To my mind, and I believe to the mind of the Canadian public at large, that is the plain meaning of Mr. Rogers’ apology.
Confusion between Rogers Communications Group, Rogers Wireless Inc, and Rogers Legal TeamBack to Top
But Rogers Wireless continues to maintain in its Statement of Defence that I had an obligation to pay Rogers over $14,000 that was racked up on my stolen cell phone - even one that cannot ever be called in because the CEO of Rogers' Wireless cleared it as a debt. My null obligation is supposed to have made me contributorily responsible for the damages claimed in my Small Claims Court action.
Rogers Wireless also claims that because I didn’t call Rogers the moment that I realized the phone had been stolen (August 27, one day after Rogers escalated my account to its legal department and collection department) I hadn’t allowed Rogers to mitigate its losses.

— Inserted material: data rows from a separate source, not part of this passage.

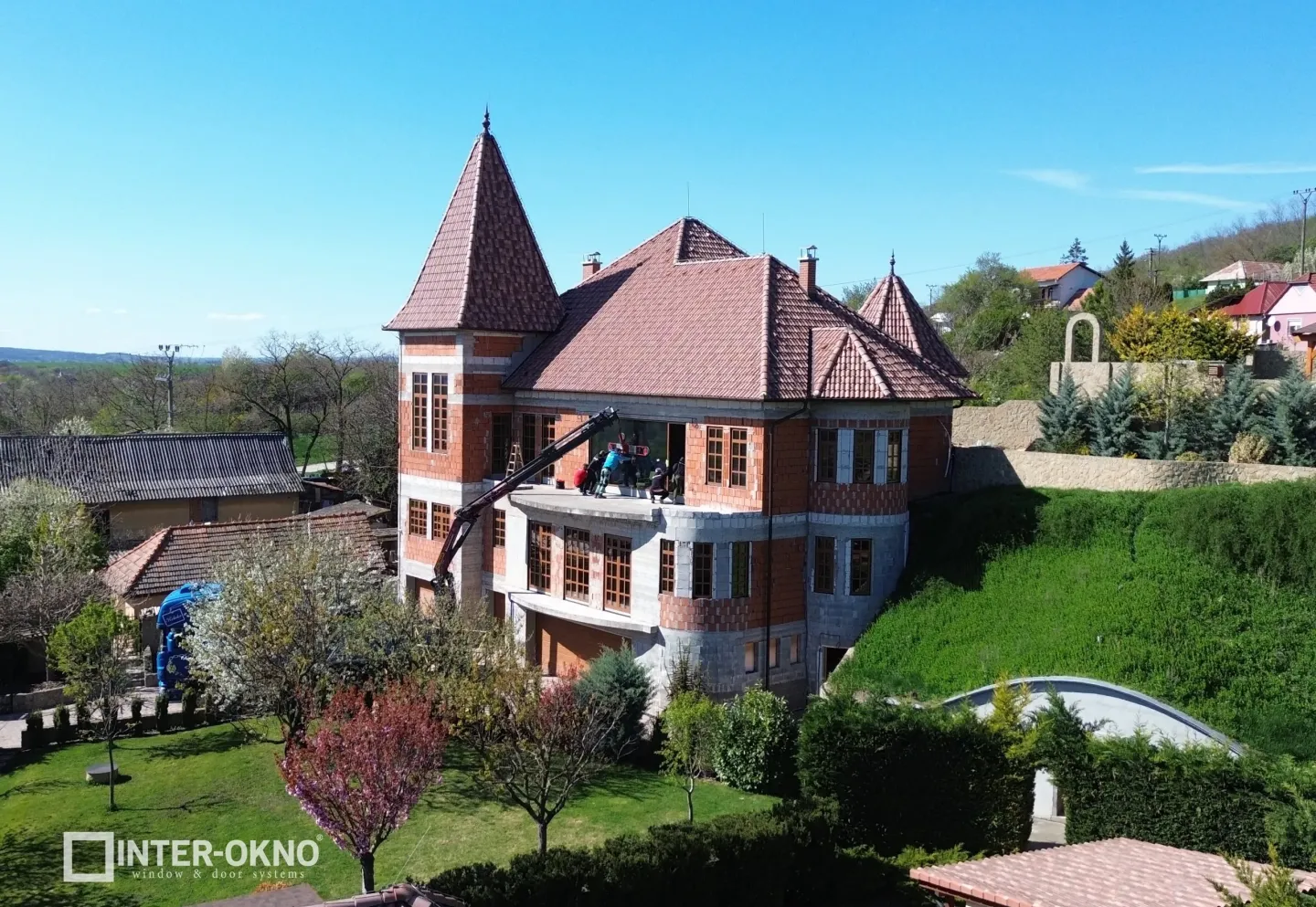 Výroba a montáž hliníkových okien a dverí - RD VGV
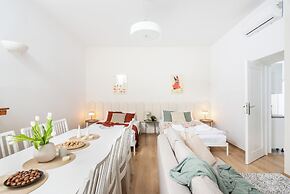 Modern  Apartments  by Upstairs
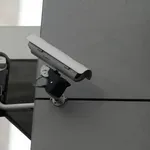 Κάμερες στα σχολεία: Έντονος προβληματισμός γονέων- «Καταγράφουν, δεν αποτρέπουν»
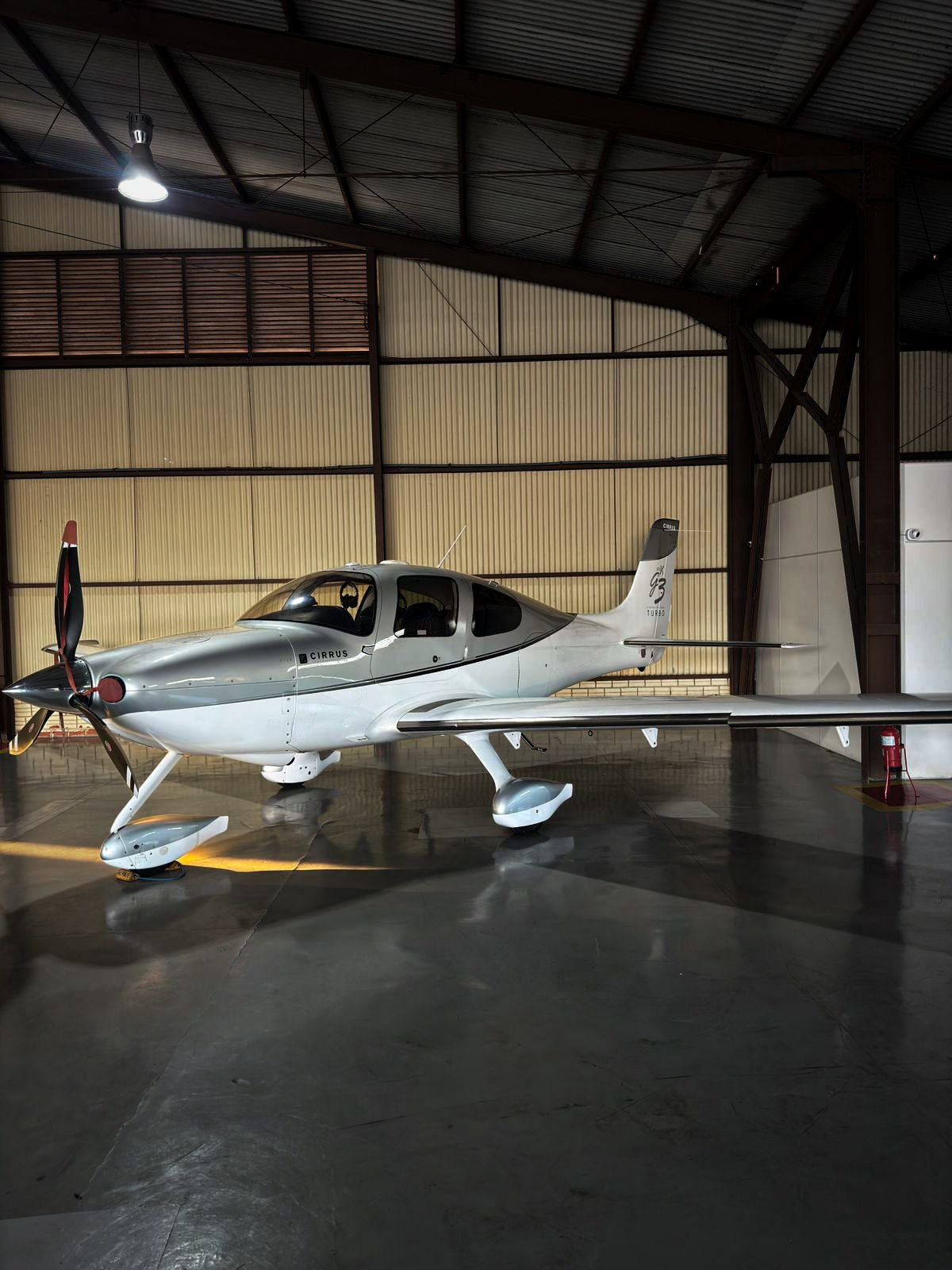 CIRRUS SR22 G3 2008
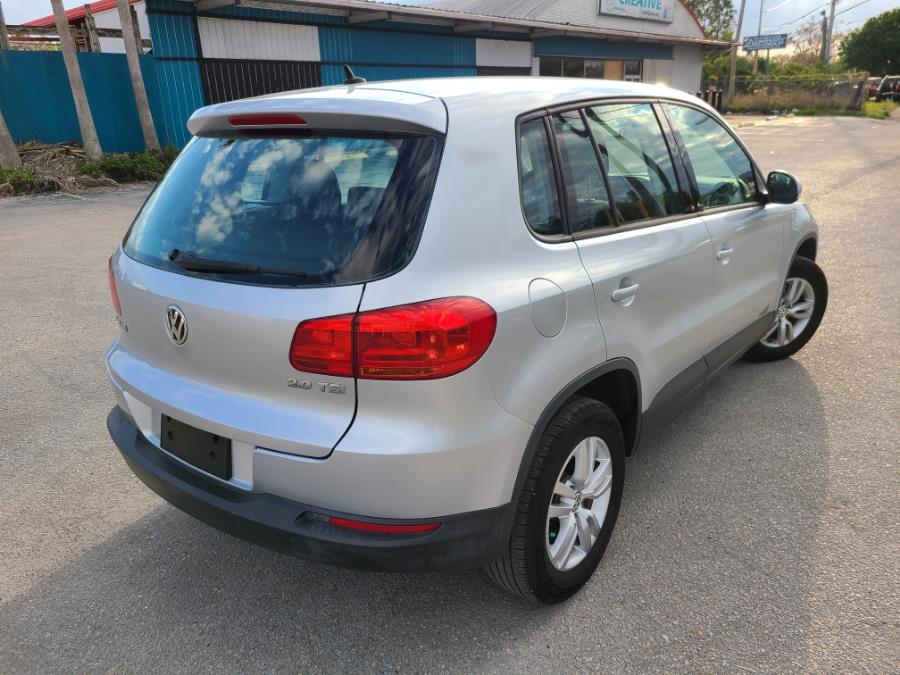 2014 Volkswagen Tiguan S photo
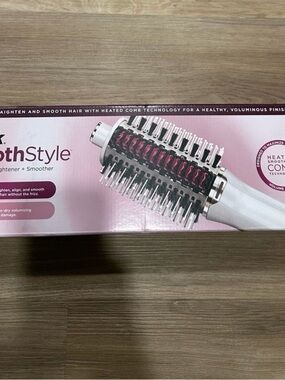 SmoothStyle Heated Rotating Hair Brush - Pink/White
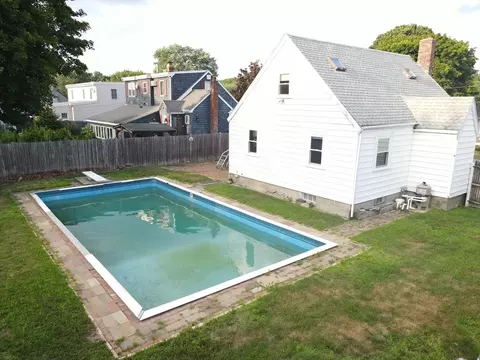 22 Windsor Rd, Beverly, MA 01915 photo 2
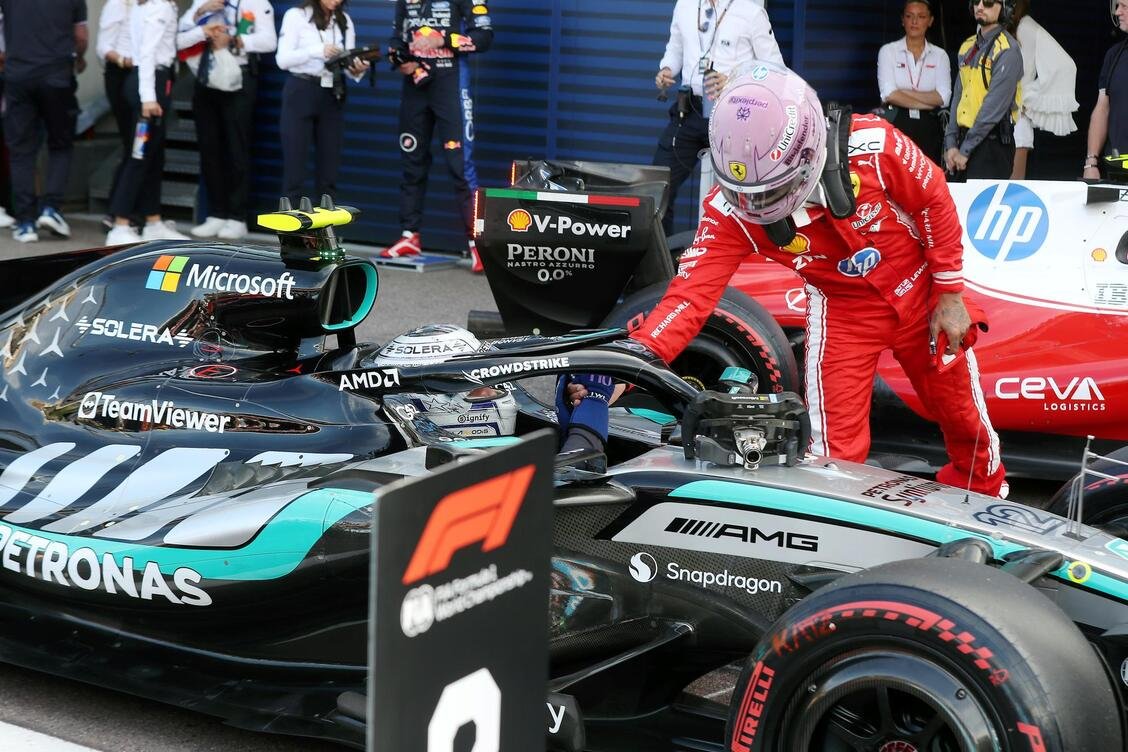 Kimi Antonelli យក​បង្គោល​ក្រោយ Lewis Hamilton អបអរសាទរ​គាត់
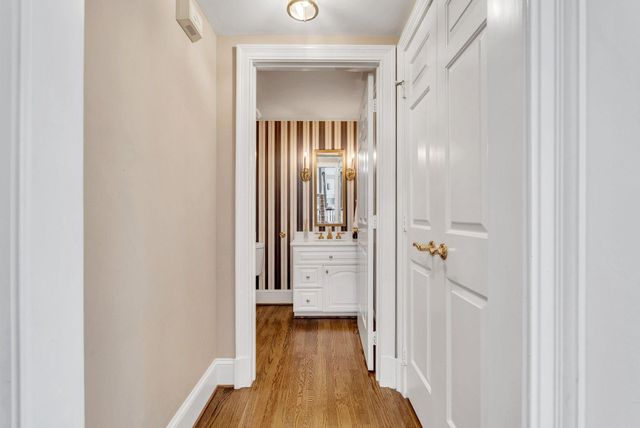8308 COMANCHE CT, Bethesda, MD 20817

In defending itself against my claim for damages flowing from Rogers fundamental breach of contract in shutting off my 12 year-old son’s cell phone 8 days before my invoice was due, Rogers says I contributed to what happened to my son’s cell phone because I am contractually obliged to call Rogers once I know my cell phone has been stolen and also contractually liable for the total charges (over $14,0000) on MY cell phone right up until the moment that I reported it stolen.
In fact, Rogers is so insistent upon that legal argument that Rogers Wireless Inc contested a motion that I brought on June 8, 2006, to have those paragraphs of Rogers defence that relate to this putative obligation struck from the record.
As a result of the intransigence of Rogers Wireless on this point, I am compelled to raise an argument in my Small Claims Court trial that Rogers’ attribution of fault to me is spurious and ill-founded. As the motion judge noted with respect to the plain language argument that I made in my motion and affidavit of June 8, 2006: Only Mr. Rogers himself can testify about what he intended by his apology.
I have, accordingly, summonsed Ted Rogers to testify.